* [What to work on] Report every line below that has the string "sink" in it.

Start of Extracted material

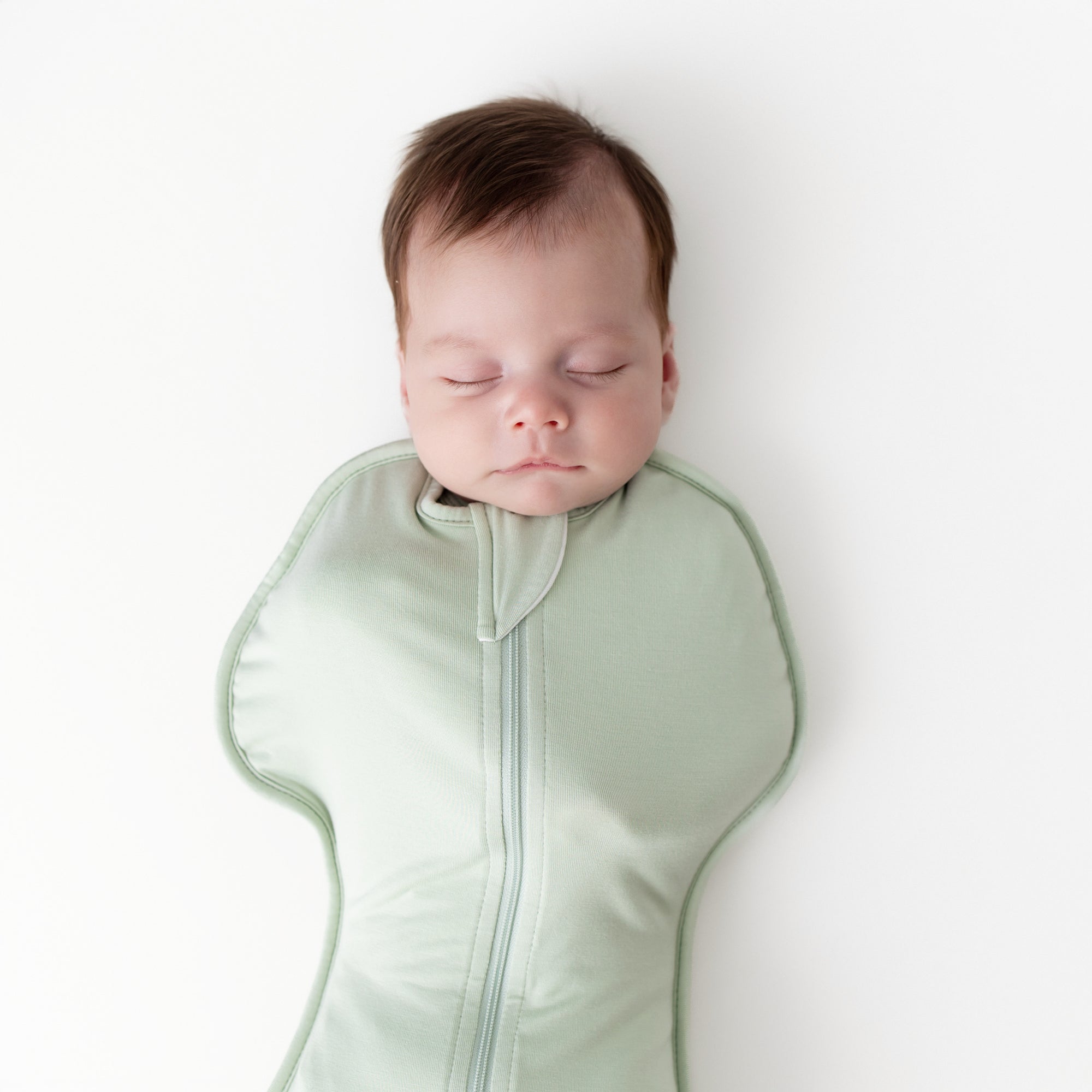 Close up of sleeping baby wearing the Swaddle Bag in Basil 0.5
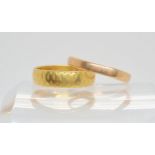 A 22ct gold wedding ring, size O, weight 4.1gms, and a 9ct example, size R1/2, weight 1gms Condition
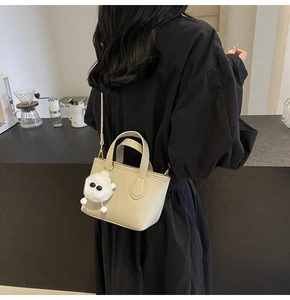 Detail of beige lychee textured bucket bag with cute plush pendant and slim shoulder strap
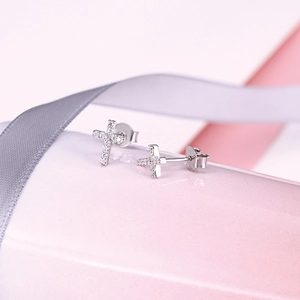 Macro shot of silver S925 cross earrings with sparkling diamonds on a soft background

End of Extracted material
Start of Extracted material

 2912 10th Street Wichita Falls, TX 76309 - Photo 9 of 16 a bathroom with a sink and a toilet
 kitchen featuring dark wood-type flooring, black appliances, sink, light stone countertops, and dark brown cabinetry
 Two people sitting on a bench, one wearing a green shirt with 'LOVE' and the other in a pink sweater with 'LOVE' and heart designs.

End of Extracted material
Start of Extracted material

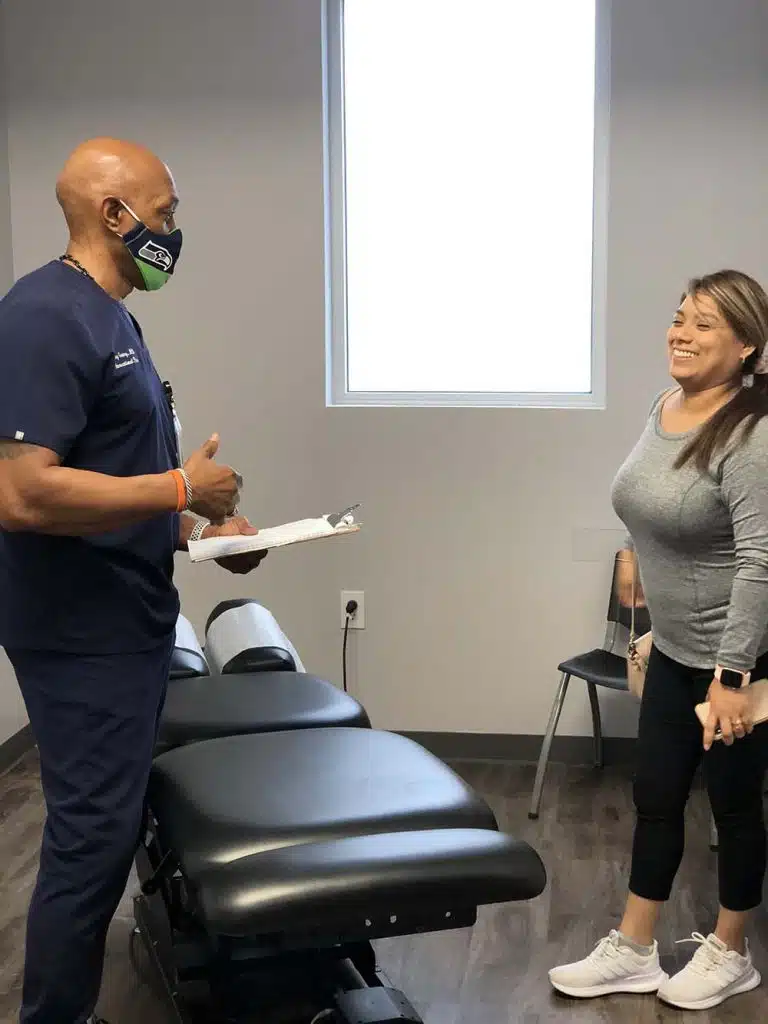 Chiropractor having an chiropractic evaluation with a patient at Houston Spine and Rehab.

End of Extracted material

* [Solution to this task]
 2912 10th Street Wichita Falls, TX 76309 - Photo 9 of 16 a bathroom with a sink and a toilet
 kitchen featuring dark wood-type flooring, black appliances, sink, light stone countertops, and dark brown cabinetry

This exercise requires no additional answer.